◆ Try it
Your output should be the lines from the one containing "Factory at sri batu Caves Dolomite 1" through the last line below, both ends included, exactly as written and free of pictures.

◆ Dataset content
####
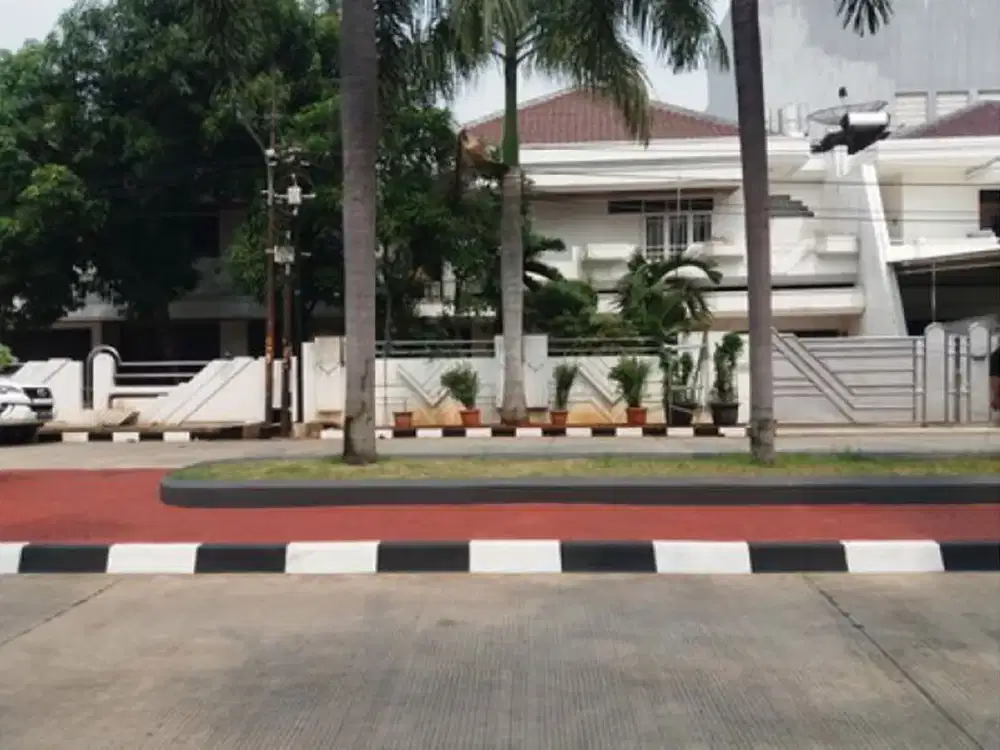 DIJUAL RUMAH MEWAH BESAR PERUM GREEN GARDEN KEBON JERUK JAKARTA BARAT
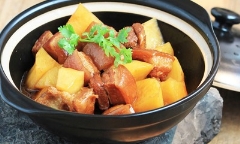 Thịt ba chỉ kho khoai tây đổi vị cho bữa cơm thêm ngon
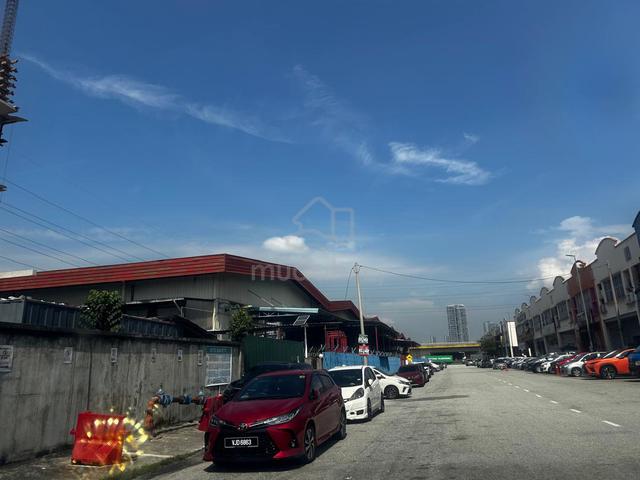 Factory at sri batu Caves Dolomite 1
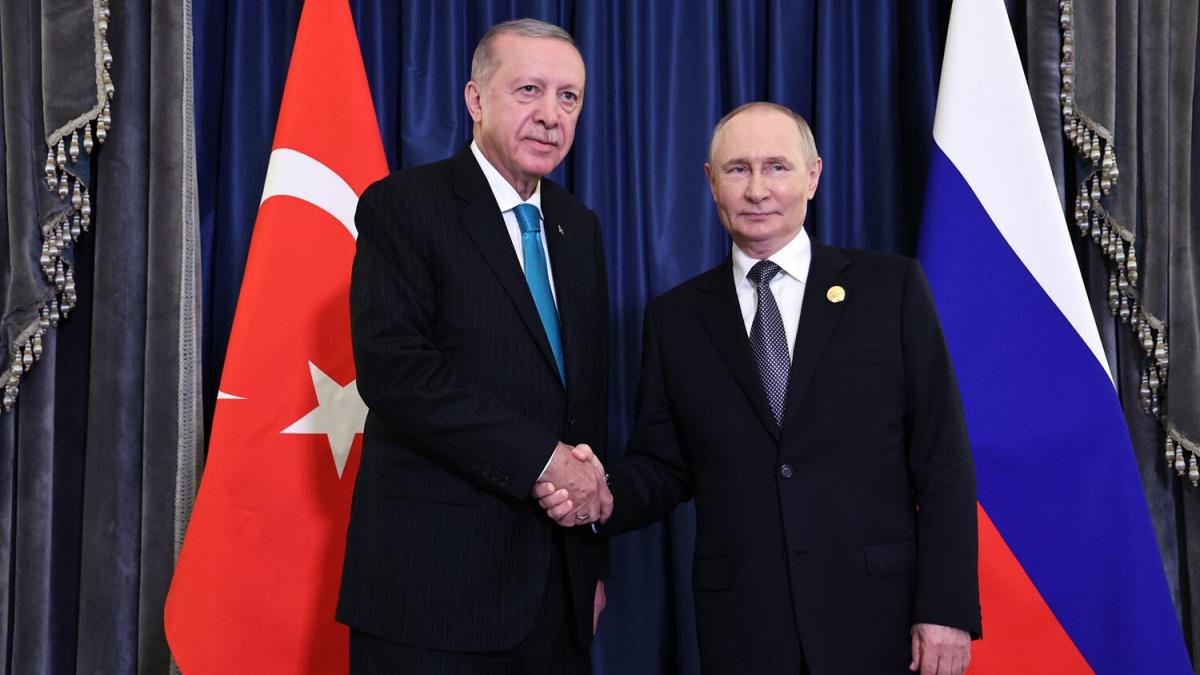 Erdogan y Putin discuten la seguridad en el Mar Negro y el conflicto de Ucrania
####
◆ Reply to the task
 Factory at sri batu Caves Dolomite 1
 Erdogan y Putin discuten la seguridad en el Mar Negro y el conflicto de Ucrania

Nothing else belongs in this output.